Appellant complains of alleged misconduct of the trial judge, which he insists was prejudicial to his case. This contention is based upon the following proceedings: One Ephifanos, called as a witness on behalf of the defense, testified that when the trouble started a number of men were playing pool in a billiard room which he conducted. In describing the manner in which these persons left their game, he exclaimed: “My God, they flew out and ran and leave the cue, all six tables flew. I say, what is going on?”
“The Court: I don’t want you to use that language again in this court. Don’t use any profane language in this court.
“The Witness: Excuse me, I don’t mean—they gone out—
“The Court: Shut up, just a minute now. That seems to be the only thing that you can understand. Go ahead and tell your story, but don’t use any more profane language or you will get in jail.”
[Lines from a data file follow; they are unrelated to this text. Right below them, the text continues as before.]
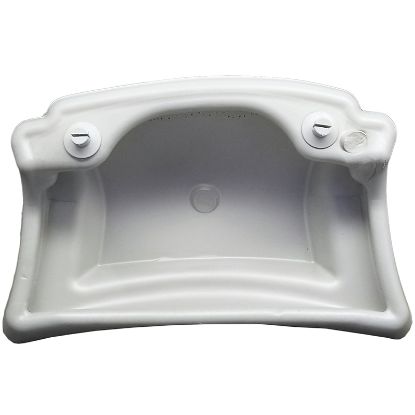 6455-008  Hot Tub Pillow SundanceΓö¼┬½  Select Series 2011+ Grey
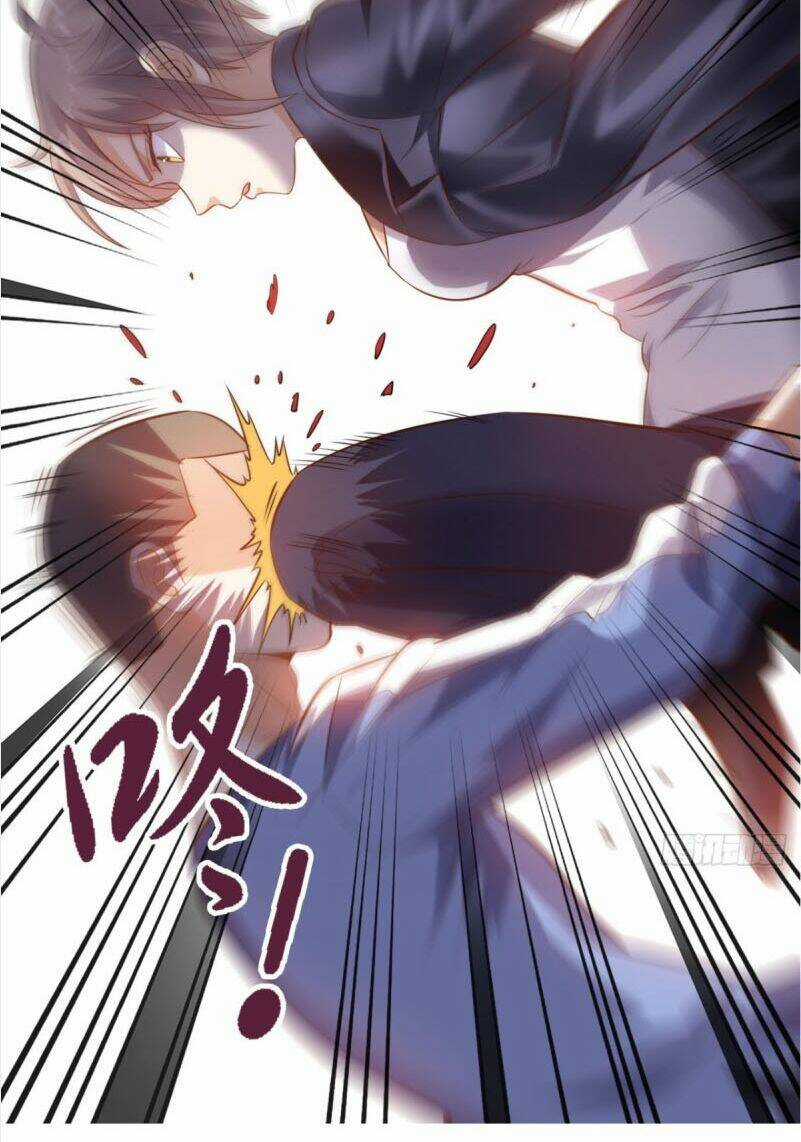 Wechat Siêu Cấp Chapter 71 trang 21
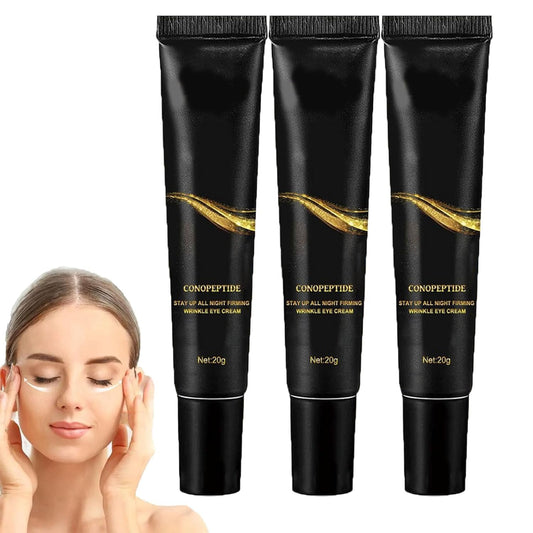 Celyz Firming Eye Cream, Instant Firm Eye Cream, Temporary Eye Tightener,Celyz Eye Cream, Instant Firming Eye Firmer, Eye Moisturizer, Reduces Fine Lines, Firms Eye Skin (3PCS)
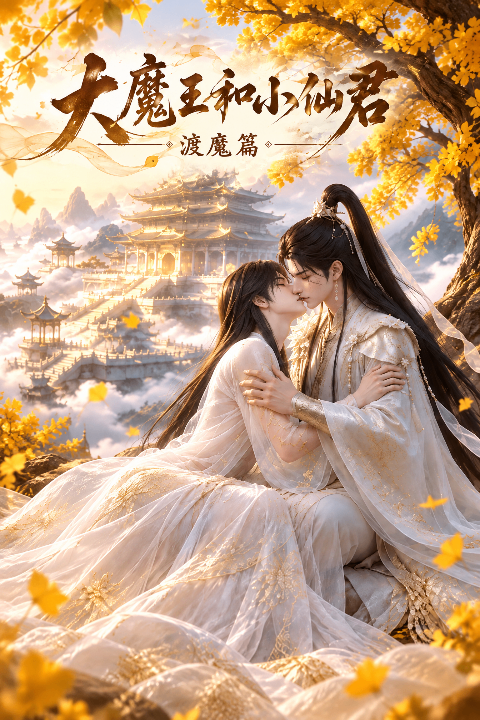 大魔王和小仙君之渡魔篇海报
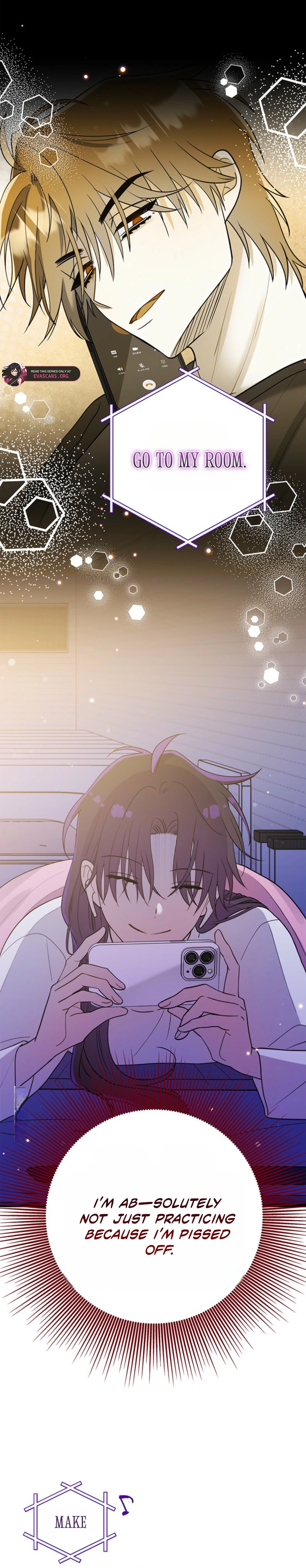 I Debuted as an Exorcist, Not an Idol Chapter 57 61 0c1e876c222b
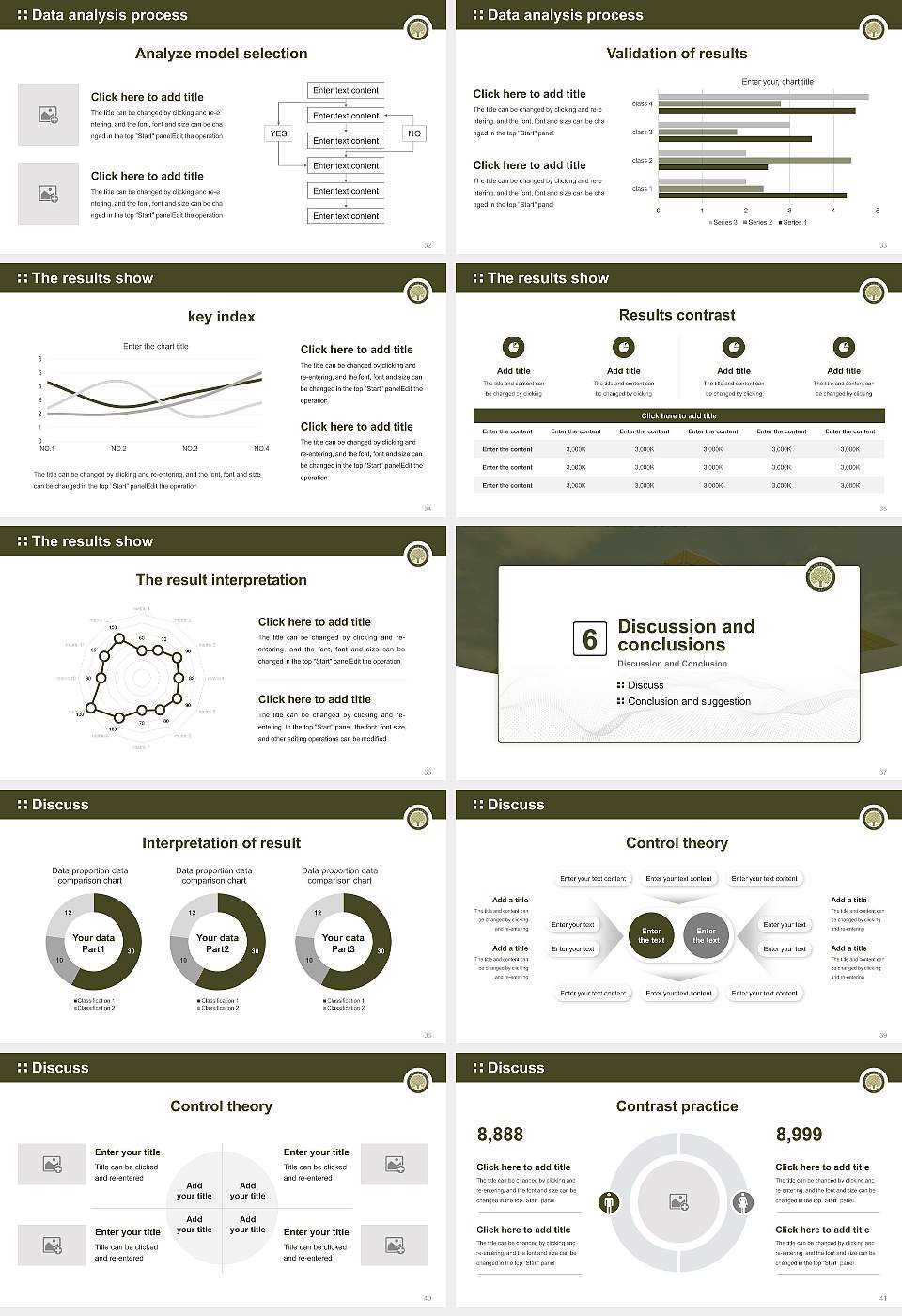 SRM University, Andhra Pradesh Graduation Thesis Defense PPT Template16:9 ratio PPT effect preview image5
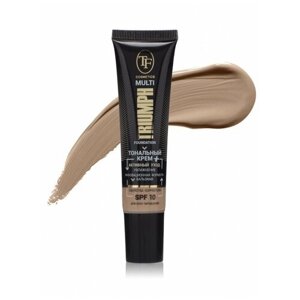 TF Cosmetics Тональный крем Multi Foundation, SPF 10, 36 мл, оттенок: тон 43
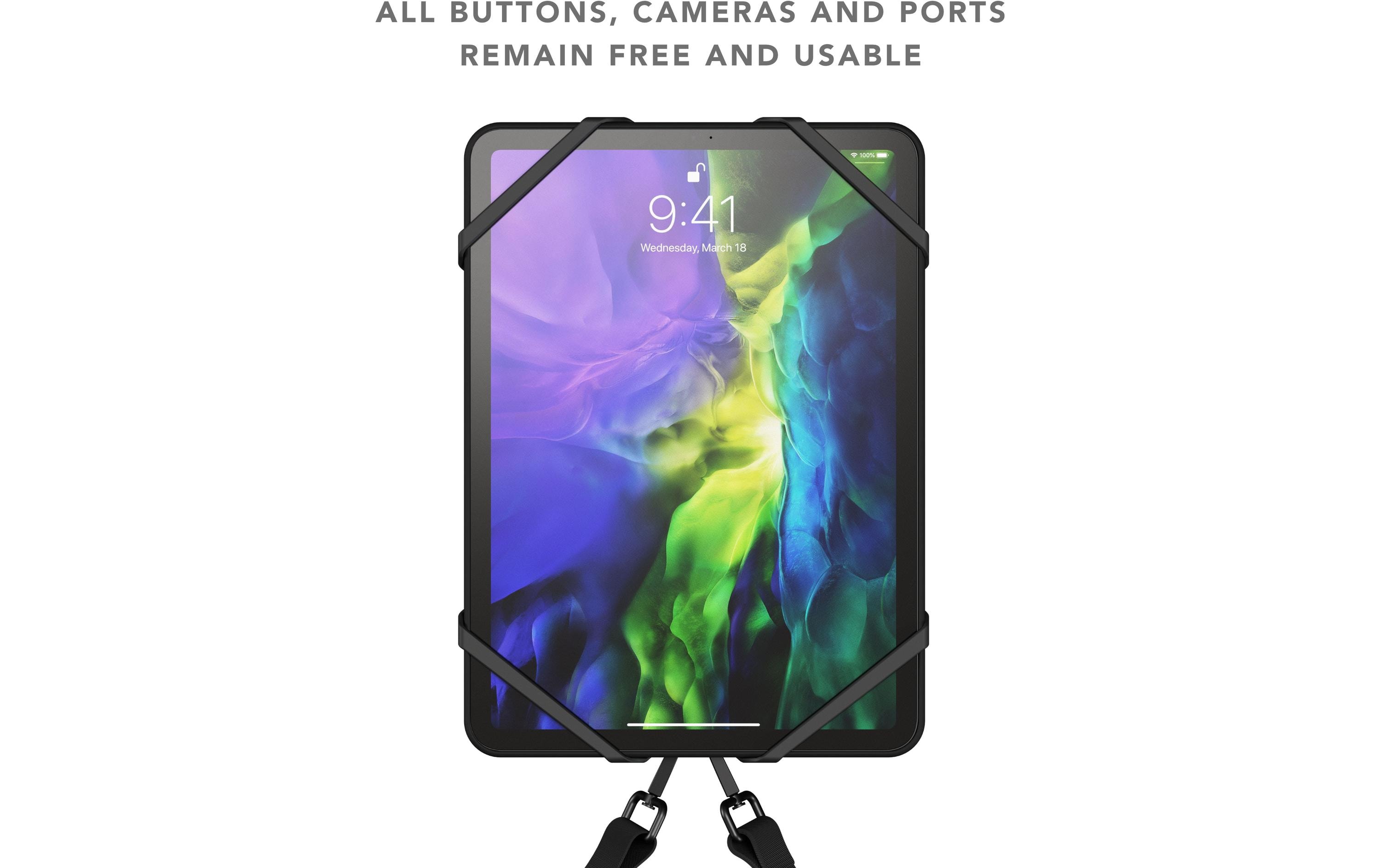 Tablet-Holster Infinity Max 8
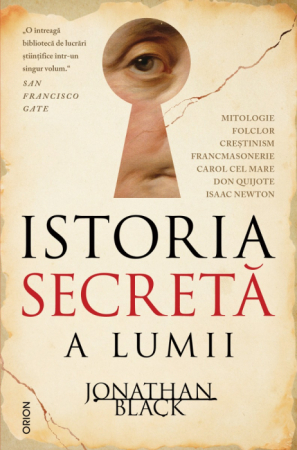 CĂRȚI - Istoria secreta a lumii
It is impossible to conceive how the rights of defendant could have been prejudiced by the -court telling the witness to shut up, or threatening him with a jail sentence for the use of the language in which he indulged. The degree of courtesy to be exercised by the court toward a witness is not *464a subject for judicial review, unless it clearly appears that defendant’s rights were prejudiced thereby (People v. Casselman, 10 Cal. App. 234, [101 Pac. 693]); hence the language used toward the witness is no concern of defendant.
It is claimed the court erred in refusing to give certain instructions requested by defendant. There is an absence of anything in the record showing that defendant requested the court to give any instructions; hence there is no merit in the contention. (People v. Hettick, 126 Cal. 429, [58 Pac. 918].)
Counsel for appellant has made excerpts from the instructions given, which, thus isolated, he claims were erroneous statements of law. Instructions must be considered as a whole, each part thereof in connection with the other,, and as applied to the subject matter thereof. Thus considered, the instructions given, covering upwards of twenty pages of the record, constitute a full, fair, and correct exposition of the law applicable to the facts established by the evidence. Our attention is directed to other alleged errors in rulings upon the admissibility of evidence offered. They are trivial in nature and, conceding such rulings to have been error, it is apparent that upon this record defendant could not have been prejudiced thereby.
We find no prejudicial error disclosed by the record, and the judgment and order denying defendant’s motion for a new trial are affirmed.
Conrey, P. J., and James, J., concurred.